(Records from a data source)
◇ ◇ ◇ ◇ ◇
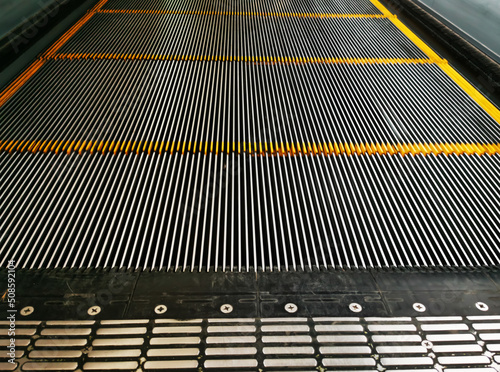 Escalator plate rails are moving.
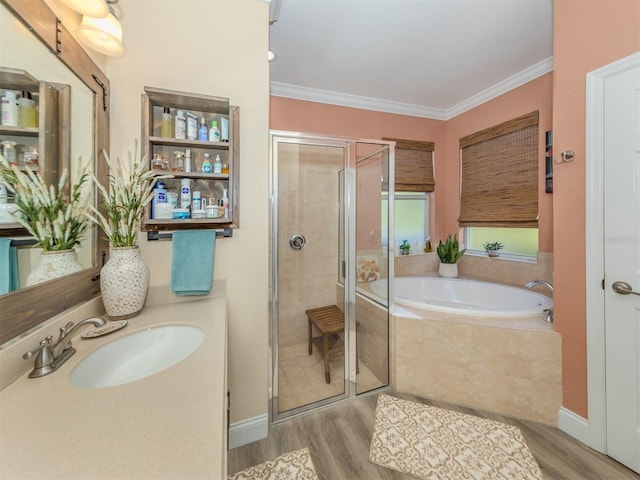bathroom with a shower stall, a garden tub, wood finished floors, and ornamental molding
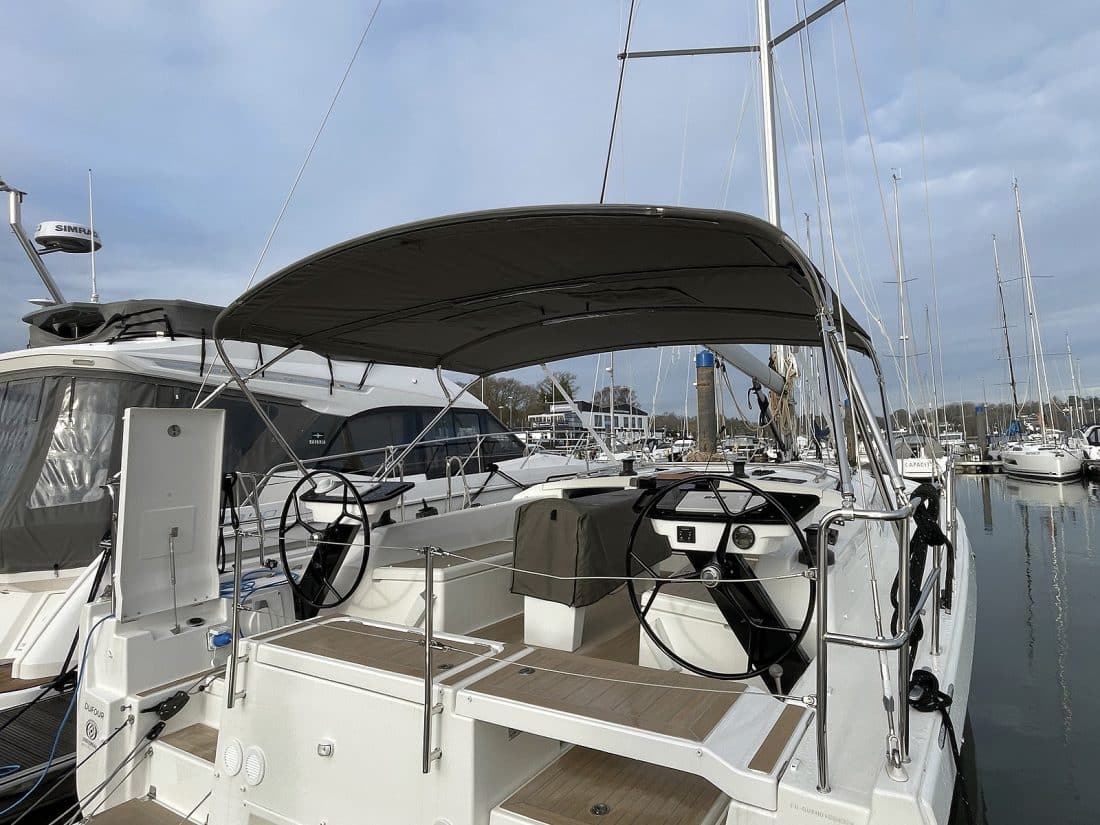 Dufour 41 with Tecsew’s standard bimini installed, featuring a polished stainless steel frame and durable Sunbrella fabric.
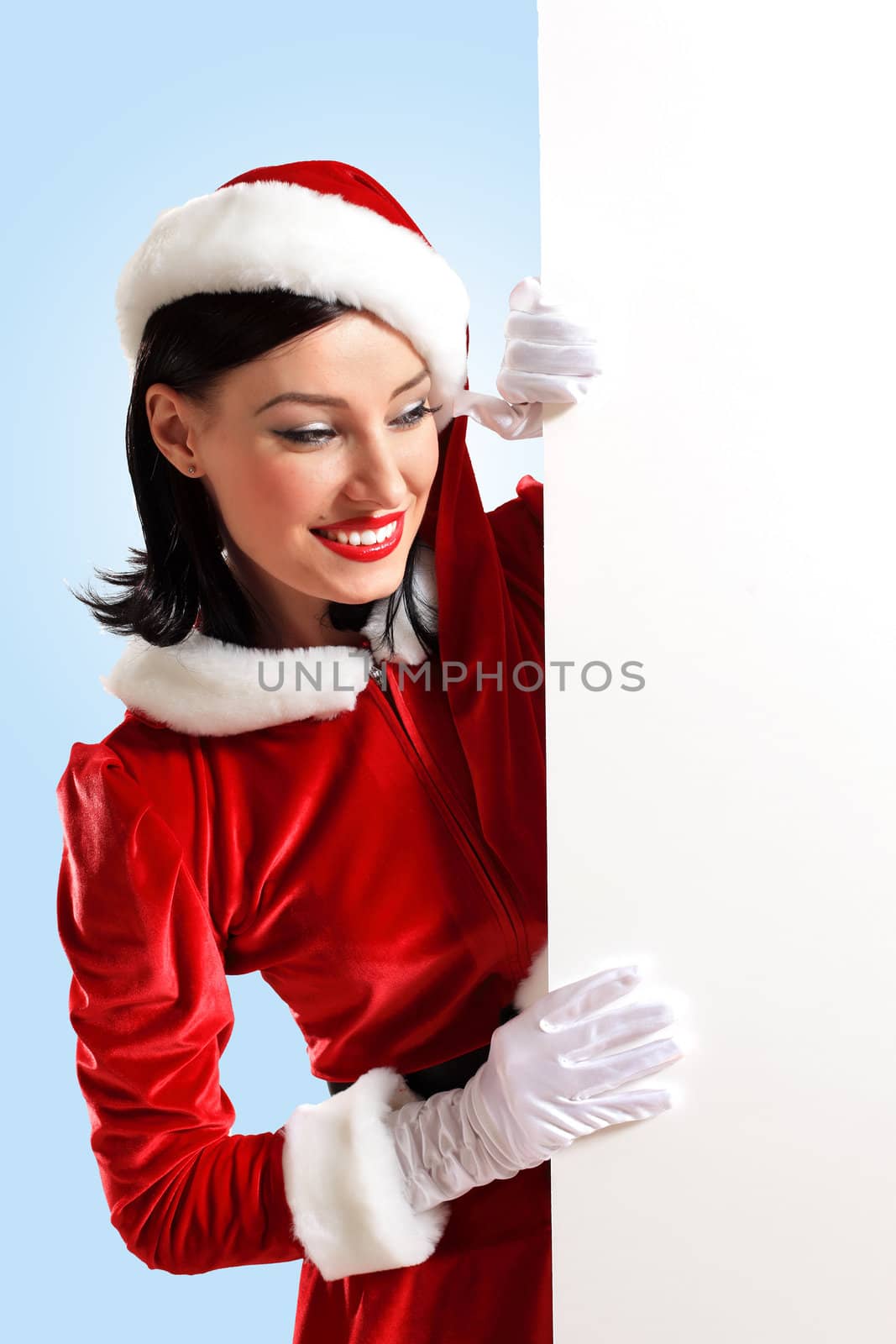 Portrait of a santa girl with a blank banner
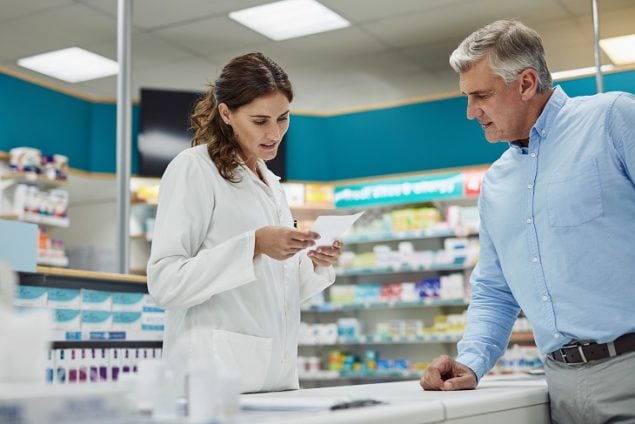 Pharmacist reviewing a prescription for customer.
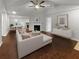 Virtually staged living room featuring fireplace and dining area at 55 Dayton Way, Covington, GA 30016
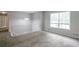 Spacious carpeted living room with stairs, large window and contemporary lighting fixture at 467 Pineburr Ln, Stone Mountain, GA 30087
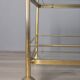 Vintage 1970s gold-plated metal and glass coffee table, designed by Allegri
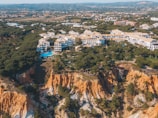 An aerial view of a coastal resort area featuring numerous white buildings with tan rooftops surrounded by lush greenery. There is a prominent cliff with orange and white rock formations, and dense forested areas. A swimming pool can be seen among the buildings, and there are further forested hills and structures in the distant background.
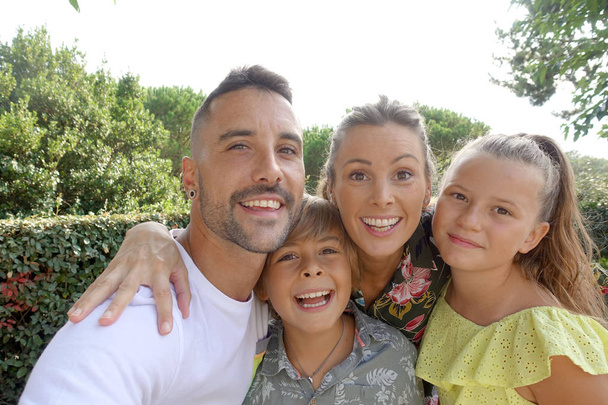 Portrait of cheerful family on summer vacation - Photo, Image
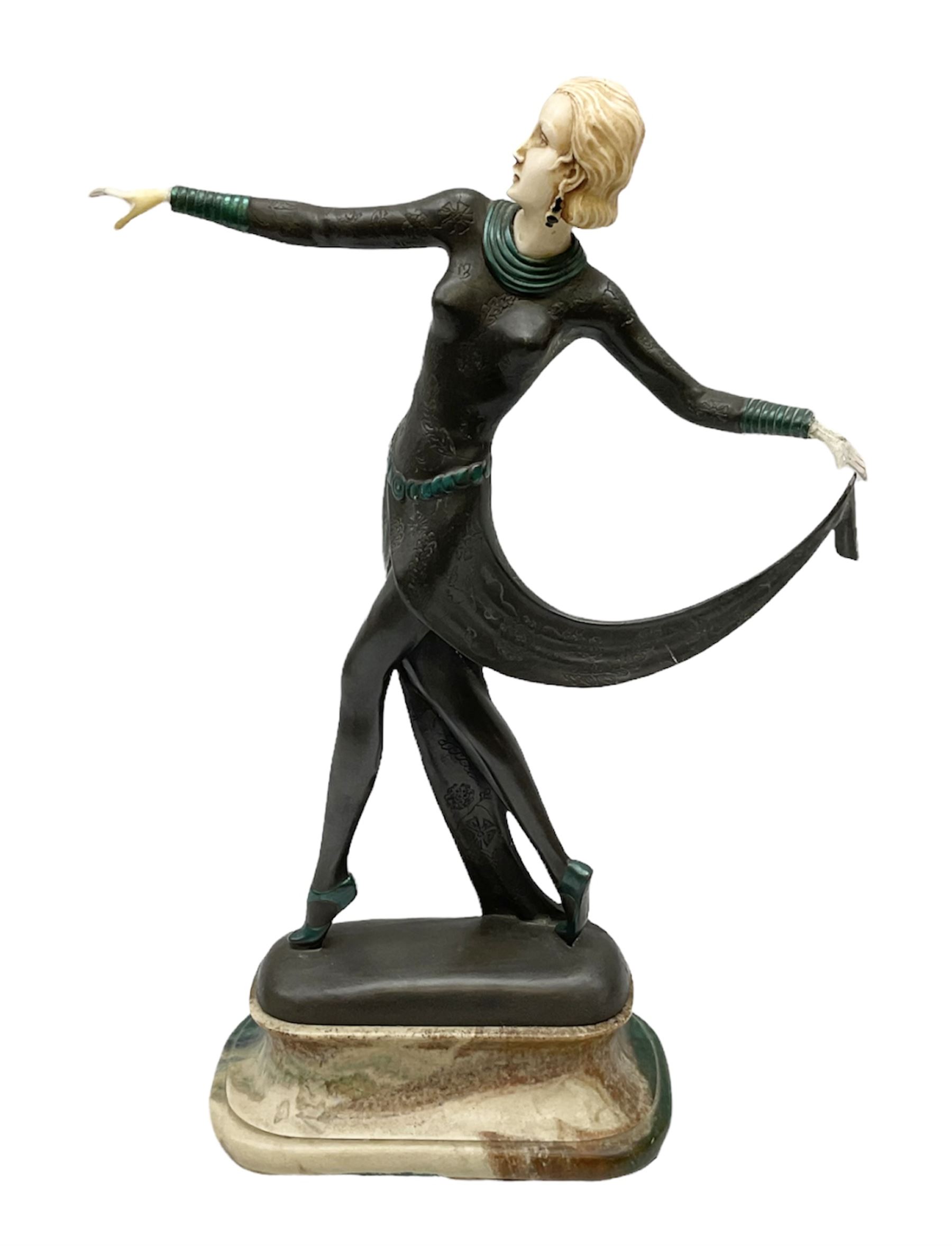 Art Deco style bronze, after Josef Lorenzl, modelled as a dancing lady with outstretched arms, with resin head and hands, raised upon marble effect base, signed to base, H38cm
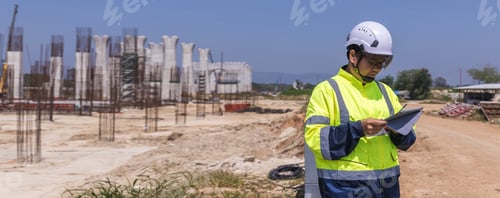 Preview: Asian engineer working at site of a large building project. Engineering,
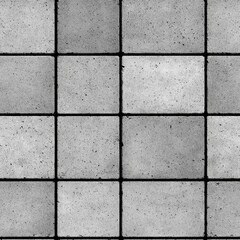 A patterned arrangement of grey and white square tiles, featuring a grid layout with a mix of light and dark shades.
◇ ◇ ◇ ◇ ◇
Task: Return the lines above from the one with "Portrait of a santa girl with a blank banner" through the one with "Vintage 1970s gold-plated", verbatim and nothing else. Omit every picture.

Exercise solution:
 Portrait of a santa girl with a blank banner
 Pharmacist reviewing a prescription for customer.
 Virtually staged living room featuring fireplace and dining area at 55 Dayton Way, Covington, GA 30016
 Spacious carpeted living room with stairs, large window and contemporary lighting fixture at 467 Pineburr Ln, Stone Mountain, GA 30087
 Vintage 1970s gold-plated metal and glass coffee table, designed by Allegri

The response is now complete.